Il punto è che, specialmente dopo la prolungata redistribuzione a danno dei salari avutasi negli ultimi anni, la generalità dei lavoratori dipendenti non è in grado di ricavare dalla busta paga ulteriori risparmi previdenziali. Dovendo impegnare redditi correnti per risollevare le prestazioni pensionistiche future, le uniche risorse di cui concretamente dispongono i lavoratori dipendenti «regolari» (i parasubordinati non hanno nemmeno quelle) sono gli accantonamenti destinati al trattamento di fine rapporto (il Tfr) e i contributi aziendali contrattati per finalità previdenziali. Nel loro insieme queste risorse sono pari a quasi il 10 per cento del costo del lavoro.

Venendo alla Finanziaria, in essa si stabilisce che quelle risorse siano utilizzabili in due soli modi: o per finanziare la previdenza privata a capitalizzazione o lasciandole finalizzate al Tfr. Nel secondo caso, per le imprese sotto i cinquanta dipendenti, gli accantonamenti rimarrebbero tutti nella loro disponibilità (esattamente come ora). Nelle imprese più grandi, invece, gli accantonamenti sarebbero obbligatoriamente trasferiti alla Tesoreria dello Stato, affidando all'Inps il mero compito di gestire il trasferimento. Le imprese sarebbero risarcite dei maggiori oneri finanziari loro derivanti dal ricorso ai mercati finanziari per sostituire quelle disponibilità; inoltre, usufruirebbero del sostanzioso beneficio derivante (solo a loro e non anche ai lavoratori) dalla riduzione del cuneo fiscale. E' difficile individuare in questo trasferimento forzoso e comunque ben retribuito qualcosa «di sinistra». Anche la dubbia finalità di poterlo contabilizzare come un miglioramento del bilancio pubblico (in effetti, a fronte del trasferimento attivo, la Tesoreria acquisisce un pari debito verso i lavoratori senza nessun vantaggio per il saldo di bilancio), ricorda altri tentativi di finanza creativa sempre opportunamente criticati.

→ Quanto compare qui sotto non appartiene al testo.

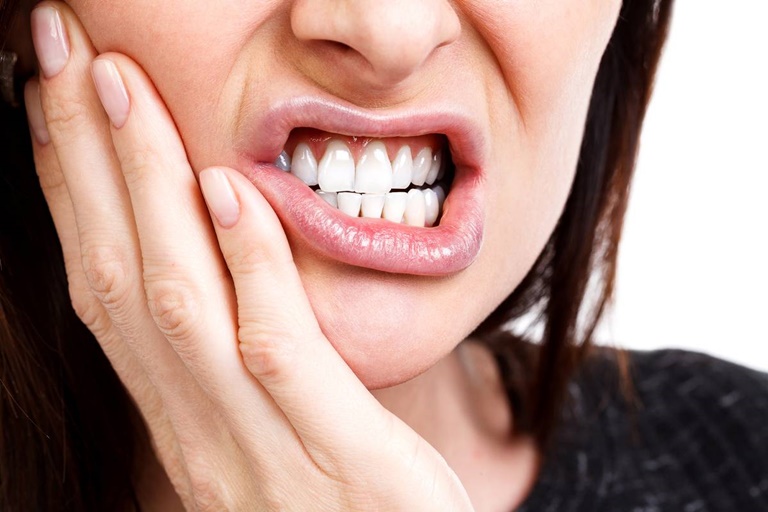 Как предотвратить боли после чистки зубов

Dunque, dopo che le riforme iniziate nei primi anni '90 hanno ridotto più del previsto e del tollerabile (dati ufficiali alla mano) la copertura pensionistica offerta dal sistema pubblico, «l'accordo storico» preclude ai lavoratori la facoltà di aumentarla e di poter utilizzare a quel fine il loro salario differito; se ciò fosse consentito - come la sinistra ha chiesto - le maggiori contribuzioni al sistema pensionistico avrebbero pieno titolo a essere considerate entrate nette per il bilancio pubblico. I lavoratori vengono invece costretti, come unica possibilità di aumentare le pensioni, a fare ricorso alla previdenza privata a capitalizzazione; le risorse così impiegate non arrecano nessun beneficio al bilancio pubblico che, anzi, viene penalizzato dalle ulteriori esenzioni fiscali richieste.

Dopo un decennio di tentativi di forzare difficoltà obiettive, nella prima finanziaria del governo dell'Unione si porterebbe a compimento il progetto sempre giustamente contrastato dalle forze della sinistra di assegnare alla previdenza privata a capitalizzazione un ruolo sostitutivo e non quello integrativo per il quale era stata pensata e offerta ai lavoratori. La funzionalità del sistema pensionistico verrebbe incrinata dalla minore sicurezza delle prestazioni conseguente alla loro dipendenza dai più variabili e incerti andamenti dei mercati finanziari.

Anche la motivazione che lo sviluppo dei fondi pensione sopperirebbe alla carenza d'investitori istituzionali nel nostro sistema finanziario è contraddetta dalle specificità del nostro sistema d'imprese le quali non si quotano in borsa e non offrono titoli azionari agli investimenti dei fondi pensione; se questi espandessero eccessivamente la loro attività (cioè debordando da un ruolo integrativo) sarebbero il tramite - come già avviene - di un enorme trasferimento all'estero di risparmio previdenziale nazionale.